For real numbers \( \alpha \) and \( \beta \), let \( p(x)=x^{2}-(\alpha+\beta)x+\alpha\beta \) and \( q(x)=x^{2}-(\alpha+\beta+2)x+(\alpha+1)(\beta+1) \). Which of the following statements is true?}

• A. If \( p(28)=0, \) then \( q(-91)=0 \)
• B. If \( q(34)=0 \) then \( p(35)=0 \)
• C. If \( q(-97)=0 \), then \( p(-98)=0 \)
• D. If \( p(74)=0 \) then \( q(73)=0 \)

Hint:

Identify the shift in roots. If \( q(x) \) has roots \( r+k \), then \( q(x) = p(x-k) \). Here \( k=1 \), so if \( q(y)=0 \), then \( p(y-1)=0 \).

Answer 1

The Correct Option is C

Step 1: Analyze the roots:
The polynomial \( p(x) \) factors as \( (x-\alpha)(x-\beta) \). The roots are \( \alpha \) and \( \beta \). The polynomial \( q(x) \) has coefficients: Sum of roots = \( \alpha+\beta+2 = (\alpha+1) + (\beta+1) \). Product of roots = \( (\alpha+1)(\beta+1) \). Thus, the roots of \( q(x) \) are \( \alpha+1 \) and \( \beta+1 \). Step 2: Evaluate the relationship:
If \( x \) is a root of \( p(x) \), then \( x+1 \) is a root of \( q(x) \). Conversely, if \( y \) is a root of \( q(x) \), then \( y-1 \) is a root of \( p(x) \).
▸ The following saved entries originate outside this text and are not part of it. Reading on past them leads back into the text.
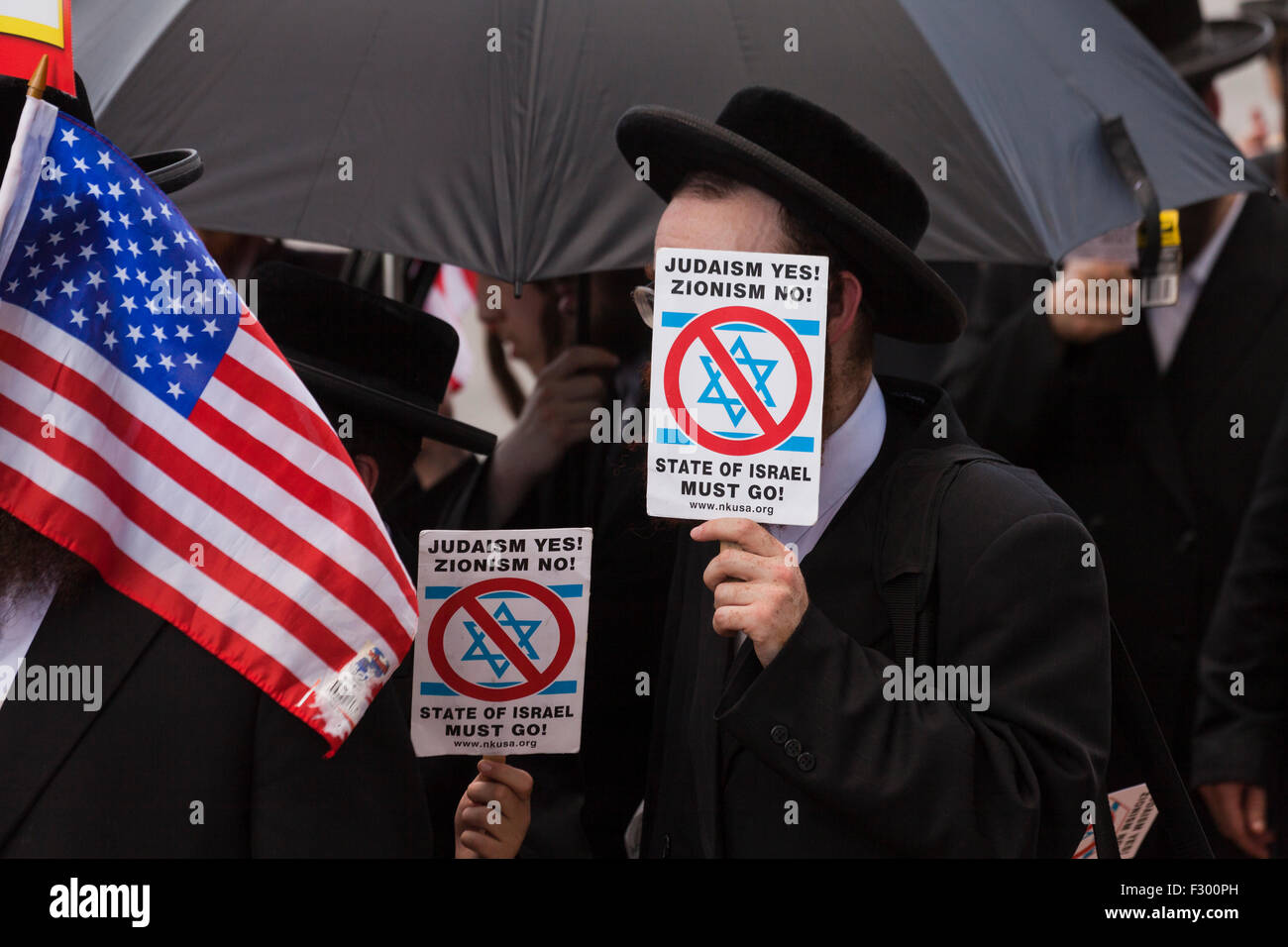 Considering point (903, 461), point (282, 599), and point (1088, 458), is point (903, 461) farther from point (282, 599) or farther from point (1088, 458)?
point (1088, 458)

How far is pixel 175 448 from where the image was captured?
9.23 ft

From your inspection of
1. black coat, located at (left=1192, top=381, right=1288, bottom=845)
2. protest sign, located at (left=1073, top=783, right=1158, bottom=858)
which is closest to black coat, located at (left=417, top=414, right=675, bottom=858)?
protest sign, located at (left=1073, top=783, right=1158, bottom=858)

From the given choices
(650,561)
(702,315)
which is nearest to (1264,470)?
(650,561)

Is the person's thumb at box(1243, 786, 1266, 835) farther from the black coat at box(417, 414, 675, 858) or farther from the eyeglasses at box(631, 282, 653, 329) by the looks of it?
the eyeglasses at box(631, 282, 653, 329)

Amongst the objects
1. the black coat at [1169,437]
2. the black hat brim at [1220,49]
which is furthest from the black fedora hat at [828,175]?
the black hat brim at [1220,49]

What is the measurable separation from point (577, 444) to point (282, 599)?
1.61 metres

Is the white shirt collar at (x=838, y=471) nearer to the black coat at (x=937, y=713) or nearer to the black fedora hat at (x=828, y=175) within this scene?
the black coat at (x=937, y=713)

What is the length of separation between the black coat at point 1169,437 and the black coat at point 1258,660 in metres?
0.62

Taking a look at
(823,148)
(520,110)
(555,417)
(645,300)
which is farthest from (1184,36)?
(645,300)

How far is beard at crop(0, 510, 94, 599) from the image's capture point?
2.71 m

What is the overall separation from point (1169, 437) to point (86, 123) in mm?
3638

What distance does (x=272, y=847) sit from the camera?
262 centimetres

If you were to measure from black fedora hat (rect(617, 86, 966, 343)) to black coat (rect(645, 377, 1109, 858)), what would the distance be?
0.97 feet

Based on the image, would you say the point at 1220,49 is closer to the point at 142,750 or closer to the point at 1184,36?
the point at 1184,36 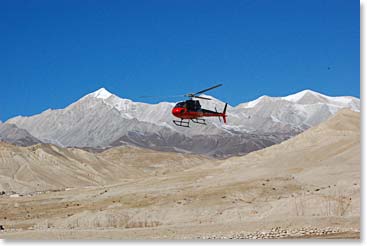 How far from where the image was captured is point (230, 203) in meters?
30.6

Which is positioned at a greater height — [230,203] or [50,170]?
[50,170]

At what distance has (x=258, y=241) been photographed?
1486 centimetres

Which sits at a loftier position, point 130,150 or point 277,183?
point 130,150

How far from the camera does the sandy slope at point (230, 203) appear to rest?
1867 cm

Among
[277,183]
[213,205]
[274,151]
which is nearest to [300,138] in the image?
[274,151]

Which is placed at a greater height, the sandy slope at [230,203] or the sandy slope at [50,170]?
the sandy slope at [50,170]

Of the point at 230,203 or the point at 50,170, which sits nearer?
the point at 230,203

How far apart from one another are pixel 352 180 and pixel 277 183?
6.62 meters

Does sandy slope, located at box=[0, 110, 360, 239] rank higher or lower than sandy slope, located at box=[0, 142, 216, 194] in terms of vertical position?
lower

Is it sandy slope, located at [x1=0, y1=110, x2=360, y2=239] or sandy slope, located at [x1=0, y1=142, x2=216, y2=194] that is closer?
sandy slope, located at [x1=0, y1=110, x2=360, y2=239]

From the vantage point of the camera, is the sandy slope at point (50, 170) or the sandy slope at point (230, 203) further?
the sandy slope at point (50, 170)

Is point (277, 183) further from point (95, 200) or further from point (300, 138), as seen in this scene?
point (300, 138)

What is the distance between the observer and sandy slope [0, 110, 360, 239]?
735 inches

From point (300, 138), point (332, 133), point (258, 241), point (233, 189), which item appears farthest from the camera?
point (300, 138) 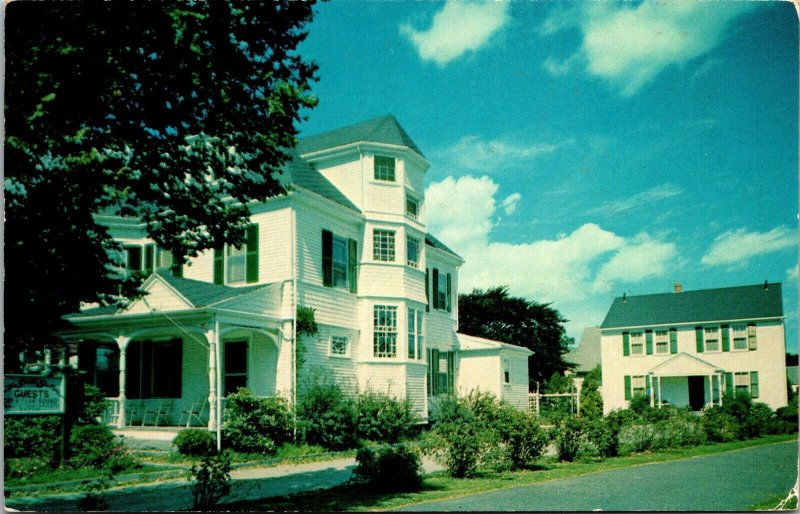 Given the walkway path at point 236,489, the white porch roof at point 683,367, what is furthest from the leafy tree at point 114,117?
the white porch roof at point 683,367

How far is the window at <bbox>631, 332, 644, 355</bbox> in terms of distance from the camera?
1214 inches

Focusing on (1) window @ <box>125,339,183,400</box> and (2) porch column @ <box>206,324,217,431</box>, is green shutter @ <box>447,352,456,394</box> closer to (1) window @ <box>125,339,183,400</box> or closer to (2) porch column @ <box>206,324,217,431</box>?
(1) window @ <box>125,339,183,400</box>

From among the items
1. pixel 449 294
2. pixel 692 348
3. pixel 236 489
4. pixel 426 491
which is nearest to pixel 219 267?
pixel 236 489

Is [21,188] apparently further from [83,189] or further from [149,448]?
[149,448]

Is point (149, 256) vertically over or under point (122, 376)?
over

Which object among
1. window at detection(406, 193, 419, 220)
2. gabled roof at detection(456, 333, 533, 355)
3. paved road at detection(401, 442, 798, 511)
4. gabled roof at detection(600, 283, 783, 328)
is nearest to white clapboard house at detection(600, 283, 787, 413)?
gabled roof at detection(600, 283, 783, 328)

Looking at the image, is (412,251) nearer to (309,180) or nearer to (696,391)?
(309,180)

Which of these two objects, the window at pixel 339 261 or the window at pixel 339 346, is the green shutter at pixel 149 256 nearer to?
the window at pixel 339 261

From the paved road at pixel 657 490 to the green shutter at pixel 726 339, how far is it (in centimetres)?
1381

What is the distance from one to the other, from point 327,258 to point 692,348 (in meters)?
17.6

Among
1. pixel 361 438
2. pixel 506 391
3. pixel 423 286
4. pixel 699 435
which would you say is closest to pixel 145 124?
pixel 361 438

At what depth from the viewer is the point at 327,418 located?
16.0 metres

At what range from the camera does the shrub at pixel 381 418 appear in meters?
17.2

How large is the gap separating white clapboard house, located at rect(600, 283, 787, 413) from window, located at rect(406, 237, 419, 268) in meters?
7.63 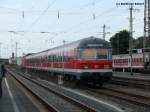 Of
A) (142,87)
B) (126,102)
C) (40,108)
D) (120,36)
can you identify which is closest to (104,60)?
(142,87)

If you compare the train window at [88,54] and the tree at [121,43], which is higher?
the tree at [121,43]

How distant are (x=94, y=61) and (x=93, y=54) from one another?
0.59 metres

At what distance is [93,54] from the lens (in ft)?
95.9

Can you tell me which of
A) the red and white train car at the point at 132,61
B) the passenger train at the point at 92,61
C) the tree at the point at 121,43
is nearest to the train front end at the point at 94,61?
the passenger train at the point at 92,61

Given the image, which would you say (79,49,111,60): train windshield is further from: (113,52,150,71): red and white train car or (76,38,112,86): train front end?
(113,52,150,71): red and white train car

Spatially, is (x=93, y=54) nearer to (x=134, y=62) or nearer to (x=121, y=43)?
(x=134, y=62)

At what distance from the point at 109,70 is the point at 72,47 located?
3.77m

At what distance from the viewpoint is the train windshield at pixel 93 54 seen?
29078mm

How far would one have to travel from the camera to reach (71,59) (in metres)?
31.3

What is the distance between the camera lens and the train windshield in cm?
2908

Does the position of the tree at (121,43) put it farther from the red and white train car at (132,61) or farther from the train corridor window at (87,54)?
the train corridor window at (87,54)

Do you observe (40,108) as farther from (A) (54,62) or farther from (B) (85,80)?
(A) (54,62)

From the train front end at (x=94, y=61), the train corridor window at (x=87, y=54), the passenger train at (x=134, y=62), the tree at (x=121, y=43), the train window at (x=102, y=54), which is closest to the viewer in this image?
the train front end at (x=94, y=61)

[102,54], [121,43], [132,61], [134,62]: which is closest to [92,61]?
[102,54]
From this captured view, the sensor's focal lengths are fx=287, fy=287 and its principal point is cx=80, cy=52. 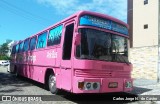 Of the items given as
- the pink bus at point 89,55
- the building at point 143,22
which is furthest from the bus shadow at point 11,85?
the building at point 143,22

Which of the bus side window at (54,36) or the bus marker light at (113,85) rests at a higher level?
the bus side window at (54,36)

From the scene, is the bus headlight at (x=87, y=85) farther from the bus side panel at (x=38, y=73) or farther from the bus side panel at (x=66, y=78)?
the bus side panel at (x=38, y=73)

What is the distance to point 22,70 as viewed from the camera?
62.8 feet

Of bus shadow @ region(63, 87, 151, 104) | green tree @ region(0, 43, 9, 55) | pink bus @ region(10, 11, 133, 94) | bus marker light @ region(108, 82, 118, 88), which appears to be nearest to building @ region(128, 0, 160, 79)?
bus shadow @ region(63, 87, 151, 104)

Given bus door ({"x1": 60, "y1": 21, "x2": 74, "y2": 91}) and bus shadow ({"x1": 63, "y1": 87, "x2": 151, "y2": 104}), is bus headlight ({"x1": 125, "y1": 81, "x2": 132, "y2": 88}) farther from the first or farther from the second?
bus door ({"x1": 60, "y1": 21, "x2": 74, "y2": 91})

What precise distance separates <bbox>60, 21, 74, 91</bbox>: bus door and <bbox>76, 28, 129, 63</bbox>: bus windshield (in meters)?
0.79

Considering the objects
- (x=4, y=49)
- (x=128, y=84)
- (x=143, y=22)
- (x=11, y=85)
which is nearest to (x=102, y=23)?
(x=128, y=84)

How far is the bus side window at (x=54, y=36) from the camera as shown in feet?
38.7

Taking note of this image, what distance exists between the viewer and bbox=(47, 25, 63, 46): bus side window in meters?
11.8

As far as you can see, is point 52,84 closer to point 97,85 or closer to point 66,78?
point 66,78

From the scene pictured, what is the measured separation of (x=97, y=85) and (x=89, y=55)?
40.8 inches

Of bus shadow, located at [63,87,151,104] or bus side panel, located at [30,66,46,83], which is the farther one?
bus side panel, located at [30,66,46,83]

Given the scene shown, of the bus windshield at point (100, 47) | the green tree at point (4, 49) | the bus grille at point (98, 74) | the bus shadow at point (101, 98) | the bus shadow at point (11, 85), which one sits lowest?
the bus shadow at point (101, 98)

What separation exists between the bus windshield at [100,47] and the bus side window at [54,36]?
→ 219 cm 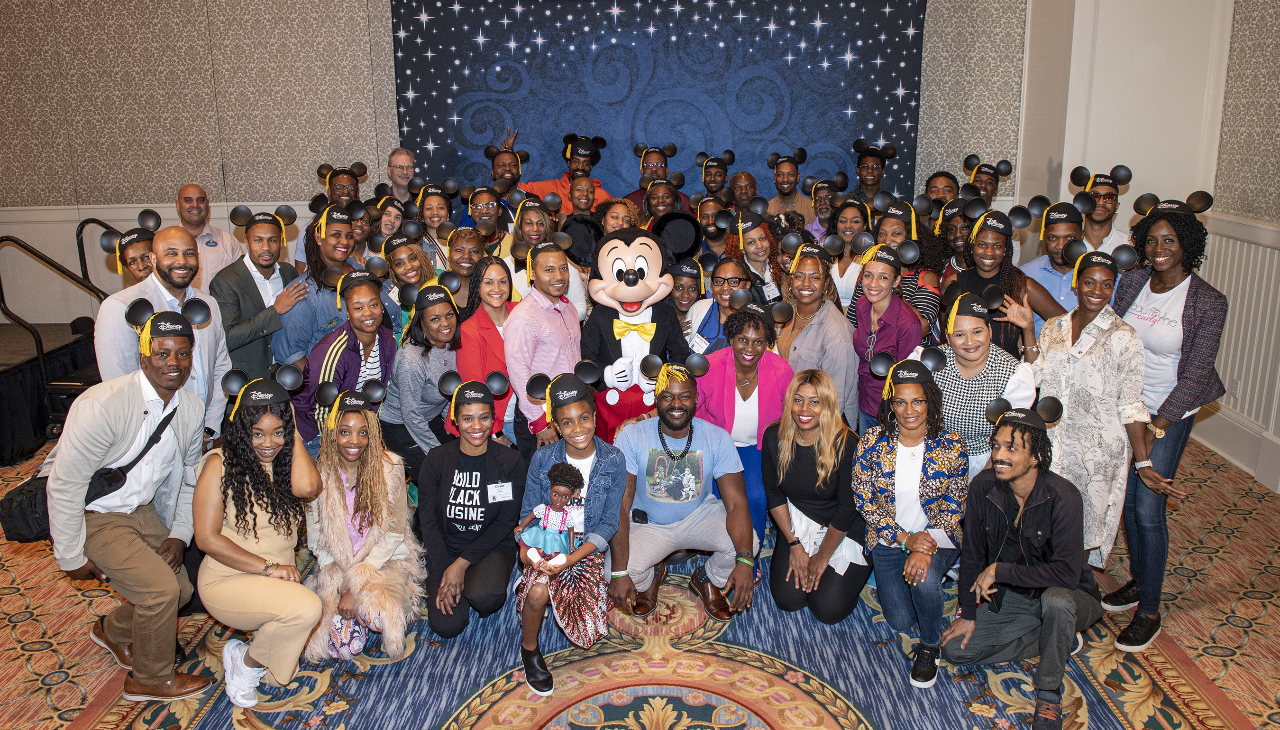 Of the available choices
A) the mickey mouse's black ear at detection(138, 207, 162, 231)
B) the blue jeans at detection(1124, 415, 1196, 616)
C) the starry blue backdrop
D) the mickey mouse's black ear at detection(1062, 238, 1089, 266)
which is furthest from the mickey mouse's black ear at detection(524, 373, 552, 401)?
the starry blue backdrop

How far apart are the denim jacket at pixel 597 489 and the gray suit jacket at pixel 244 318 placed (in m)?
1.94

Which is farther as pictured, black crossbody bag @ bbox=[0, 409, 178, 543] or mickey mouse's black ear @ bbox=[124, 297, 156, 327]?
mickey mouse's black ear @ bbox=[124, 297, 156, 327]

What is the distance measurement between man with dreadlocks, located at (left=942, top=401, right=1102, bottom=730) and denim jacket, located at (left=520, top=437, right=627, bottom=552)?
1.47 m

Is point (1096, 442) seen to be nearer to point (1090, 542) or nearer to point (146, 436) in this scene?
point (1090, 542)

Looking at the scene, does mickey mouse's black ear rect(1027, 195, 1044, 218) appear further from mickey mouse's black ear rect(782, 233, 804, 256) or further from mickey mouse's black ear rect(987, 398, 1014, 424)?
mickey mouse's black ear rect(987, 398, 1014, 424)

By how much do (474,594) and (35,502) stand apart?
5.77ft

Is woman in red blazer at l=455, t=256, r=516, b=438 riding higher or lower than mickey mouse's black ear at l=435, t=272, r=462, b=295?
lower

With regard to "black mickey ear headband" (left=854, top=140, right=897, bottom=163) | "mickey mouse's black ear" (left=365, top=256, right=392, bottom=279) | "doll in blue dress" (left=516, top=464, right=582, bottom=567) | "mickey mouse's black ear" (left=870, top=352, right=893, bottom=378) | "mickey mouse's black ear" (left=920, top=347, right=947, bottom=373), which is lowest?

Step 3: Check Option C:
Statement: "If \( q(-97)=0 \), then \( p(-98)=0 \)". If \( q(-97)=0 \), then \(-97\) is a root of \( q(x) \). Therefore, \( -97 - 1 = -98 \) must be a root of \( p(x) \). So \( p(-98)=0 \). This is logically sound. Step 4: Final Answer:
Option C is the correct implication.